This alert summarizes the highlights of the clean energy provisions in the Act, which include tax incentives for renewable energy, such as wind and solar, as well as clean energy activities such as carbon capture and low-carbon hydrogen production. The Act would revive certain clean energy provisions first seen in H.R. 5376, the House bill previously known as the Build Back Better Act (the “BBBA,” discussed by us here), and the Senate Finance Committee’s updates to the BBBA (discussed by us here).

Two-Tiered Incentives Structure

As first proposed by the BBBA, the Act structures various tax credits in two tiers: a base rate and, if certain requirements are satisfied, a higher rate that is quintuple the base rate.

The higher rate generally applies only to those projects which meet the prevailing wage and apprenticeship requirements during applicable periods or satisfy certain other exceptions. Projects which are exempted from the prevailing wage and apprenticeship requirements and, thus, also qualify for the higher rate, generally include (1) where applicable, projects with a maximum net output of less than one megawatt (as measured in alternating current) and (2) projects which begin construction prior to the 60th day after Treasury issues guidance regarding the prevailing wage and apprenticeship requirements.

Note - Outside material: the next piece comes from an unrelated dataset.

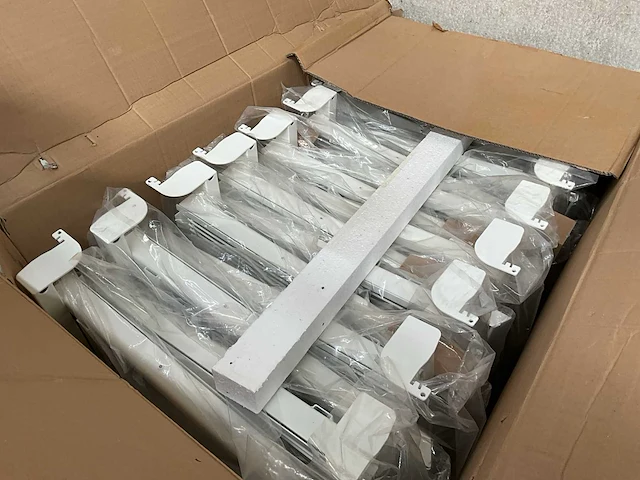 Metalen display rekken (5x) - afbeelding 7 van  17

Under the “prevailing wage requirements,” the taxpayer must ensure that laborers and mechanics employed by contractors and subcontractors working on the construction of the facility, and in many cases its alteration or repair for a period of years after construction, are paid not less than the prevailing wages in the locality in which such facility is located as determined by the Secretary of Labor. Under the “apprenticeship requirements,” the taxpayer must ensure that no fewer than the applicable percentage (10% for projects which begin construction in 2022, 12.5% for 2023, and 15% thereafter) of total labor hours of the construction, alteration and repair work are performed by qualified apprentices (generally, employees participating in a registered apprenticeship program). Both requirements have certain cure provisions and the apprenticeship requirement includes a “good faith efforts” exception.

Enhanced Credits for Domestic Content, Energy Communities, and Low-Income Housing

For certain types of credits, such as the production tax credit under Section 45 (the “PTC”) and the investment tax credit under Section 48 (the “ITC”), an additional credit amount is available if the “domestic content requirements” are satisfied. Under the domestic content requirements, the taxpayer must ensure that any steel or iron, or a sufficient portion of manufactured product, that is a component of the qualified facility or energy property, as applicable, is produced or deemed produced in the United States. Manufactured products are deemed produced in the United States if not less than an applicable percentage, ranging from 40% (20% for offshore wind) of the total costs for construction beginning before 2025 to 55% of costs for construction beginning after 2026 (2027 for offshore wind), of all manufactured products of the qualified facility or energy property, as applicable, are attributable to manufactured products (including components) which are mined, produced, or manufactured in the United States.

In the case of the PTC and the clean energy production credit under new Section 45Y, this additional credit amount equals 10% of the amount otherwise available to the taxpayer. In the case of the ITC and the clean energy investment credit under new Section 48D, this additional credit would increase the applicable credit rate by 2 percentage points for property that only qualifies for the base rate of underlying credit and 10 percentage points for property that qualifies for the higher rate of underlying credit.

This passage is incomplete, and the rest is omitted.